Responses he has received when attempting to troubleshoot problems have laid painfully bare which users are playing the game illegally. "What's Steam?" one asked. "I don't have one," replied another when asked for his Steam ID. "Oh, my copy didn't come with an installer," replied yet another user, "it's in a folder on a DVD. I just drag it to my machine and then run the game."

For an independently funded developer such as Ritual, these time sinks and lost sales have a clear and measurable impact on the company's income and, thus, its long term self-sufficiency. I took some time to chat with Mike and hear in greater detail his thoughts on piracy, both in the context of support costs and in a more general sense, as well as topics such as the developer transition from PC to console and why Vista might help.

Shack: Would you like to start out by explaining your official title and duties at Ritual, and what else you do there?

Mike Russell: My official title is QA Manager, and essentially I'm responsible for making sure the product gets tested.
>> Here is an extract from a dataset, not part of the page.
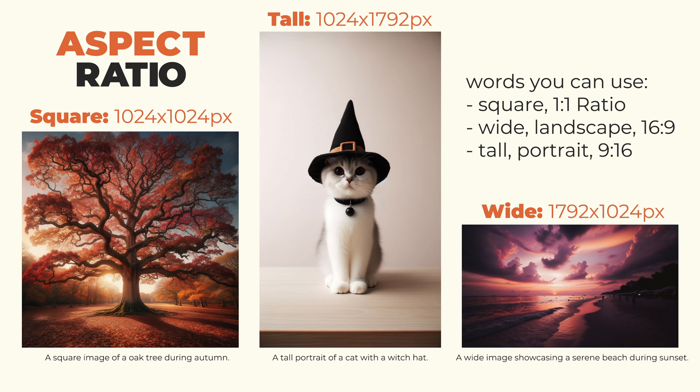For your desired format, sprinkle your description with terms like square, wide, or tall. It's that simple.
That's pretty much it. I use whatever means I can to get there, but we couldn't afford a very large testing staff on SiN Ep. I managed to test the entire thing with only about two and a half heads, and we did a pretty good job.

Shack: But obviously you're doing quite a bit of customer tech support as well. How much of your time is spent doing support these days as opposed to testing for future episodes?

Mike Russell: Right now, my time is split about 50/50 [between testing and support].

Shack: Do you have a support staff under you, or are you mainly doing it yourself?

Mike Russell: I've been doing it all myself.

Shack: So you definitely have a firsthand view of the situation.

Mike Russell: Yeah, I'm a lot closer to it than I have been in the past.

Shack: When you are relatively sure you've encountered a pirate, what do you do? How do you deal with the person?

Mike Russell: Actually, I contact their ISP [laughs]. I know it sounds silly, but ISPs have been a lot more responsive towards pirates than law enforcement has been. Most law enforcement sees piracy as petty theft. It's under a hundred bucks, it's piddly crap. But ISPs, they're really responsive towards pirates, because most pirates are the people who are munching all the bandwidth. So if they have, essentially, a legitimate excuse to boot a pirate off, they'll take it.

Shack: A common defense of pirates on the internet is that developers are going to receive relatively little of what people pay for games in the first place. I realize you might not be able to discuss a lot of this in detail, but can you discuss at all how developer compensation and royalties work for games released via retail versus Steam?

Mike Russell: I can't go into details on that, but I can actually address how it works for general titles, not SiN Ep. Generally what happens is that a developer is paid, say, $2-5 million to develop a product. When a unit is bought from the publisher, the publisher gets their cut, which covers cost of goods, testing on the publisher side, and so on and so forth. Then, a portion of that money from that sale goes towards what the developer was paid to make it, and it's only once that number reaches what the developer was paid to make the product, that the developer starts making money.

So, a good example is, if I'm working on a first party title with a $2 million budget, it takes about $15 million worth of retail sales before I break even. If I'm a developer, because of the way the royalty structure works, it can take about $40 million worth of retail sales before the developer sees a dime of their advance.

Shack: On that note, Ritual is obviously an independent developer. In terms of piracy, how does the problem affect a developer like Ritual differently than it would one of those larger publisher-owned developers?

Mike Russell: Well, from the big publisher standpoint, it affects them because only 15% of all titles break even. That's not "make money," that's just "break even." So that's 85% of all titles that lose money. That 15% pays for the rest. If you're, say, working for a publisher and you're working on one of these titles that's losing money, you're not going to be getting as much for it, you're not going to be getting as much funding, because you haven't been succeeding. For independent devs, it's even more lethal. For Sin Ep, we put our own money into the product. We put our own money there. As a result, we don't have that advance to run out against. Every single lost sale is money out of our pockets.

Shack: You distribute through Steam. Do you see there being any steps Valve could feasibly be able to take to craft stronger copy protection for Steam games, or some kind of verification process for support, or would we be approaching, I don't know, StarForce levels of intrusion there?

Mike Russell: Well, if I ever work on anything with StarForce levels of intrusion, I'm going to quit the industry again [laughs]. But copy protection only really serves to stop casual copying. Anything above that, while maybe gravy, is only worthwhile if it does not put unreasonable limitations on the customer. Steam is giving a major benefit to the customers. Back at Microsoft, when I was working on Links, less than 20% of our customers were actually installing patches. With Steam, we can make sure everyone gets the patches, so we can ensure better quality of service for everyone. We're giving people a benefit there.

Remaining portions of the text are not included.